Par son pragmatisme, le dispositif relatif à ce premier axe de la proposition de loi s'inscrit aux antipodes du manichéisme idéologique selon lequel le développement rural ne pourrait se faire qu'au préjudice du développement durable. Les territoires ruraux ne sauraient être condamnés à l'immobilité.

La proposition de loi prévoit également d'inscrire dans le code de l'urbanisme de nouveaux objectifs parmi ceux que doivent légalement prendre en compte les plans locaux d'urbanisme, notamment le développement de l'activité et des services et l'amélioration de l'offre de logements et de la qualité de l'habitat.

La proposition de loi vise par ailleurs à réformer l'Agence de la cohésion territoriale pour assurer son autonomie par rapport à l'Etat et lui donner pour mission, sur le modèle de l'Agence nationale pour la rénovation urbaine, de contribuer aux opérations de rénovation de l'habitat délaissé dans les bourgs ruraux et de réhabilitation urbaine dans les espaces ruraux, y compris la conversion en espaces naturels de constructions vétustes. L'agence mettra en oeuvre un programme national de rénovation rurale destiné à concourir au développement de ces espaces ruraux par des interventions en faveur de la réhabilitation urbaine des communes rurales, de la rénovation des logements et de la transformation en logements de locaux en déshérence au moyen notamment de concours financiers aux communes et à leurs groupements. Elle pourra également, dans le cadre de ce programme, soutenir des opérations de désartificialisation des sols et concourir à la construction de logements sans qu'il en résulte une artificialisation nette.
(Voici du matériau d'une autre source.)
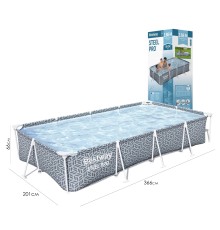 Бассейн каркасный Bestway 561FT 366x201x66см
Les représentants des collectivités détiendront la majorité des sièges du conseil d'administration qui désignera le directeur général sur proposition de l'Etat et adoptera le programme national de rénovation rurale. Le montant des financements du programme national de rénovation rurale serait fixé en loi de finances, l'équité imposant que son appréciation se fasse en considération du montant des crédits du nouveau programme de renouvellement urbain et de l'importance démographique des populations concernées par ces deux programmes. Afin de faciliter la déclinaison territoriale de ce programme national de rénovation rurale, l'Agence pourrait s'appuyer sur les établissements publics fonciers locaux, habilités par la proposition de loi, dès lors que leurs statuts les y autoriseraient, à être ses relais sur leur périmètre d'intervention.

Afin d'inciter les particuliers à participer, eux aussi, aux efforts en faveur du logement dans les zones à forts besoins de développement rural, la proposition de loi étend à ces territoires le dispositif dit « Pinel » de réduction d'impôt pour investissement à des fins locatives.

Le texte permettrait par ailleurs de traiter certaines difficultés auxquelles sont confrontés les espaces ruraux littoraux.

Le dispositif applicable dans les « dents creuses », issu des amendements du Sénat à la loi dite « ELAN » du 23 novembre 2018, serait perfectionné en autorisant expressément, en plus des constructions et installations liées au logement et à l'hébergement, celles nécessaires aux activités agricoles ou forestières ainsi que l'édification d'annexes de taille limitée à proximité d'un bâtiment existant. Bien entendu, ces constructions seraient subordonnées aux mêmes conditions de fond que celles posées par la loi « ELAN » : ne pas être réalisées sur la bande des cent mètres, ne pas avoir pour effet d'étendre le périmètre bâti existant ni d'en modifier de manière significative les caractéristiques.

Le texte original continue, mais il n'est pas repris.